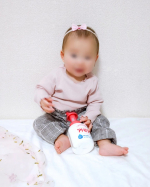 なんと、、、娘ちゃん、来月には1歳✨早すぎる〜❗❗寂しすぎて心が追いつきません💦まだまだベビーでいてほしい&hellip;🥹💔最近は数秒だけ立っちができるようになって&hellip;もう少しで歩き出しそうです🙈&hellip;のInstagram画像
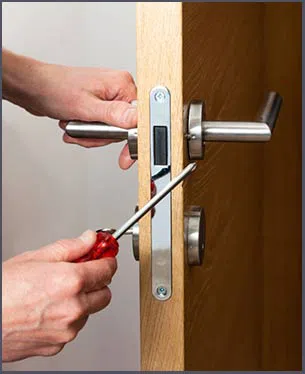Teaneck Locksmith Service Teaneck, NJ 201-762-6062 - 4-new-locksmith-install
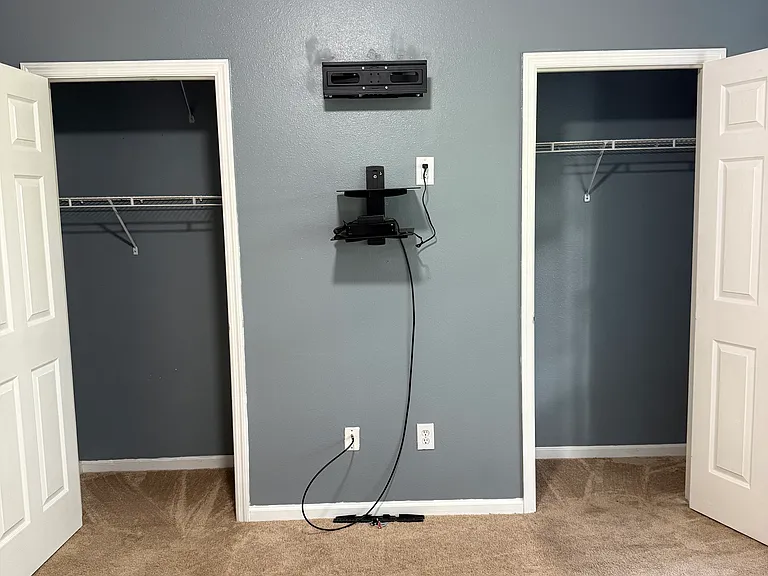 1090 Vineland Pl — Photo 22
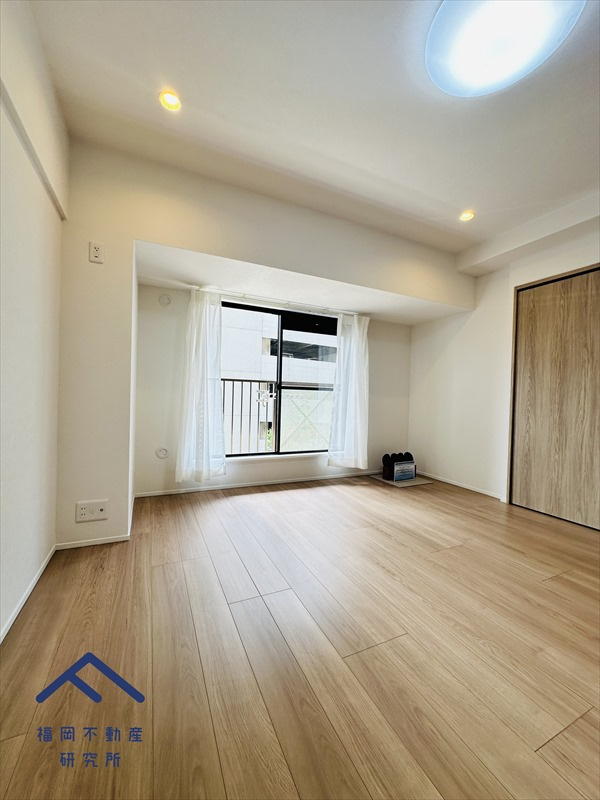 アーベインルネス大手町の洋室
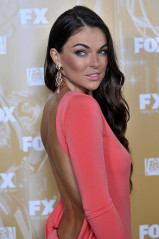 Serinda Swan фото №611585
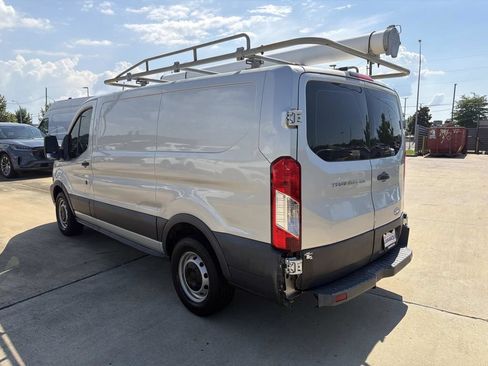 Used 2015 Ford Transit 150 130 Low Roof RWD image 6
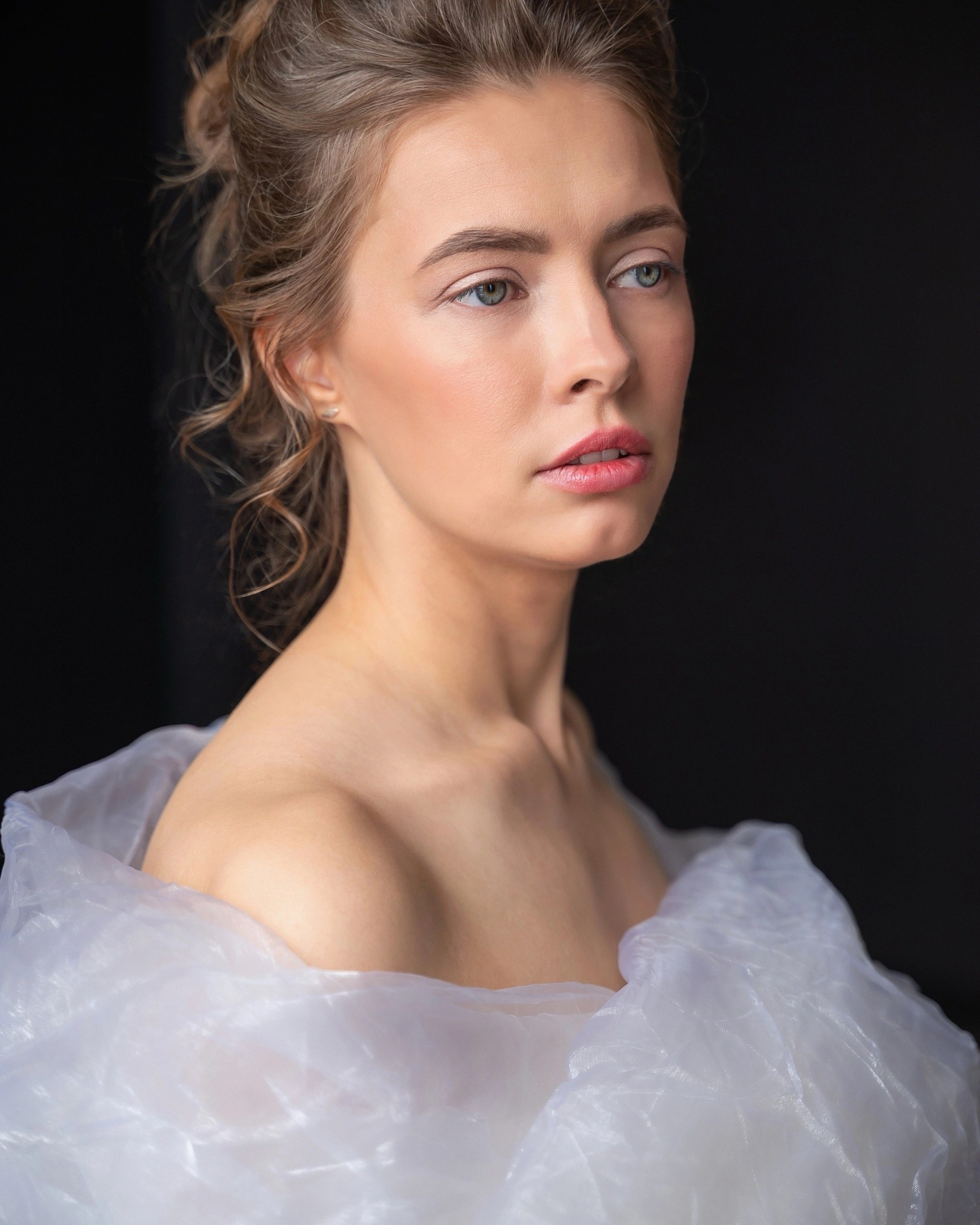 Женский портрет (студия). Фотохудожник в Барнауле Вета Лосоногова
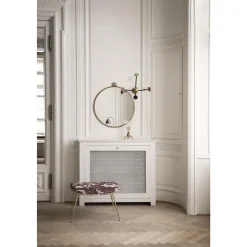 GUBI Beetle Ottoman Around Bouclé 004 Med Ben I Semi Mat Messing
****************************************
- Task instructions -
Every entry above needs to be duplicated exactly, without its images.

- Solution to this task -
 なんと、、、娘ちゃん、来月には1歳✨早すぎる〜❗❗寂しすぎて心が追いつきません💦まだまだベビーでいてほしい&hellip;🥹💔最近は数秒だけ立っちができるようになって&hellip;もう少しで歩き出しそうです🙈&hellip;のInstagram画像
Teaneck Locksmith Service Teaneck, NJ 201-762-6062 - 4-new-locksmith-install
 1090 Vineland Pl — Photo 22
 アーベインルネス大手町の洋室
 Serinda Swan фото №611585
 Used 2015 Ford Transit 150 130 Low Roof RWD image 6
 Женский портрет (студия). Фотохудожник в Барнауле Вета Лосоногова
 GUBI Beetle Ottoman Around Bouclé 004 Med Ben I Semi Mat Messing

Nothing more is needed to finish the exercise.